The conditions in the theorem are
a) $\rho$ is odd
b) $\rho$ is irreducible
c) For all continuous characters $\chi:G_\mathbb Q\to \mathbb C^\times$, the Artin L-function $L(\rho\otimes\chi,s)$ has analytic continuation to the entire complex plane.
As noted by Mathmo123 in comments, this is a form of the converse theorem.
There is the original paper of Weil in which he proved this (but I'm not sure if he treated the weight 1 case which is relevant to the Artin conjecture; I think he was more focussed on the weight 2 case, which relates to the modularity conjecture for elliptic curves).
The relationship b/w the converse theorem and the Artin conjecture was first observed by Langlands (as far as I know), and there is the famous book of Jacquet and Langlands, where they prove a form of the converse theorem (using adelic language, and working over arbitrary number fields).

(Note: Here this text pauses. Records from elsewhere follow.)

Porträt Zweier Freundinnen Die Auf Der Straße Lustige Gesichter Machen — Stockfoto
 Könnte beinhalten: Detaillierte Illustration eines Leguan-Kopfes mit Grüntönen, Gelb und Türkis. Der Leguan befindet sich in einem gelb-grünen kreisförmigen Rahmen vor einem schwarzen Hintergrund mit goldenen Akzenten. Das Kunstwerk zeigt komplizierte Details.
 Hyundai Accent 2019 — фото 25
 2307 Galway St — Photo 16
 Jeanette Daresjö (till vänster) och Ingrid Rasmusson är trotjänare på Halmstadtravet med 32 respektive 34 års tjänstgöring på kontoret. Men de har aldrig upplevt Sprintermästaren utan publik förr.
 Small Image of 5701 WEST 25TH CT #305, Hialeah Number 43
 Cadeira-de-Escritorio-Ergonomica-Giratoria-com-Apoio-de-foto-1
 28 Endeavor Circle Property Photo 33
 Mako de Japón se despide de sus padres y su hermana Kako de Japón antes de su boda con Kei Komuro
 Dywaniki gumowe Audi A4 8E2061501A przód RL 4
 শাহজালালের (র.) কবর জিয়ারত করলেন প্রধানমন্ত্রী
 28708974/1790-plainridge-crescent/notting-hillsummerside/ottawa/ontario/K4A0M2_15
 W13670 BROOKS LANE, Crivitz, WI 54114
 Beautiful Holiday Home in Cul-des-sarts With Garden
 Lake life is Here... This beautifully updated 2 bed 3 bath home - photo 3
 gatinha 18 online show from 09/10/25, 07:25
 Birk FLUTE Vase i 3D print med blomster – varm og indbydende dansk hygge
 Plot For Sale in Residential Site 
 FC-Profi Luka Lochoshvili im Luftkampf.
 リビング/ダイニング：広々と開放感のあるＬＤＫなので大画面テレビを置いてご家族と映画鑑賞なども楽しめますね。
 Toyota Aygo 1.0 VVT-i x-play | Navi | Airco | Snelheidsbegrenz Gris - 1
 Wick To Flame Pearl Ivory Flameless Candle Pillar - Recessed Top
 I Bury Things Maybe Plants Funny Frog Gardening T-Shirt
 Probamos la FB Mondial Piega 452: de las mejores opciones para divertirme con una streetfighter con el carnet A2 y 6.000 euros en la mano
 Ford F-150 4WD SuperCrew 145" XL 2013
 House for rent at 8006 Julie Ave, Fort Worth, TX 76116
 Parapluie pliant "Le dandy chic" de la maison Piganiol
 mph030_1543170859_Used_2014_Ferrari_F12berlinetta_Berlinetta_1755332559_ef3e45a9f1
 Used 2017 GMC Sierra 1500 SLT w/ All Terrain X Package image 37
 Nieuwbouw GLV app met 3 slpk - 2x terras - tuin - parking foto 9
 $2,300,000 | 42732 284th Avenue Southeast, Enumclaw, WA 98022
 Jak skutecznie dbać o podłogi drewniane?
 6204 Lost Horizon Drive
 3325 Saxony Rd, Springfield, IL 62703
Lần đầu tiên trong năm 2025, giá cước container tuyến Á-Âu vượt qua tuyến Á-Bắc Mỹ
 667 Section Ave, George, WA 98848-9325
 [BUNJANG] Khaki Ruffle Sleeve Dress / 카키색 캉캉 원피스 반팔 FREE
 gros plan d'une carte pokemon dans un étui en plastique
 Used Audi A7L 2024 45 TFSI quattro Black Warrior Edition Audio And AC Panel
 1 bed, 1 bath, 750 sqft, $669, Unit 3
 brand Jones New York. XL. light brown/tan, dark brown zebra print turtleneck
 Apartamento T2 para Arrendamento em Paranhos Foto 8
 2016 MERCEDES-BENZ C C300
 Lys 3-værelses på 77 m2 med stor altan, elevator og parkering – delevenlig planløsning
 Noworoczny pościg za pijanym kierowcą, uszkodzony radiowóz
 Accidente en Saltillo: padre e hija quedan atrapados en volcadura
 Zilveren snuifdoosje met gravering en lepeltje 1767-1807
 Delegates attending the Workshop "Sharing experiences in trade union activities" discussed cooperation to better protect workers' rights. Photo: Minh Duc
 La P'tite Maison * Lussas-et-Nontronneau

To get a feeling for this subject, you could look at the old book of Ogg called (if I am remembering correctly) Dirichlet series and automorphic forms, which discusses the converse theory in classical terms, starting with Riemann's second proof of the functional equation of the $\zeta$-function and Hecke's theory, and ending (I think) with Weil's theorem.
You could also look at the article of Serre from a conference proceedings (I think the Durham proceedings from 1974), in which he discusses the relationship between Artin's conjecture and weight one forms, with examples.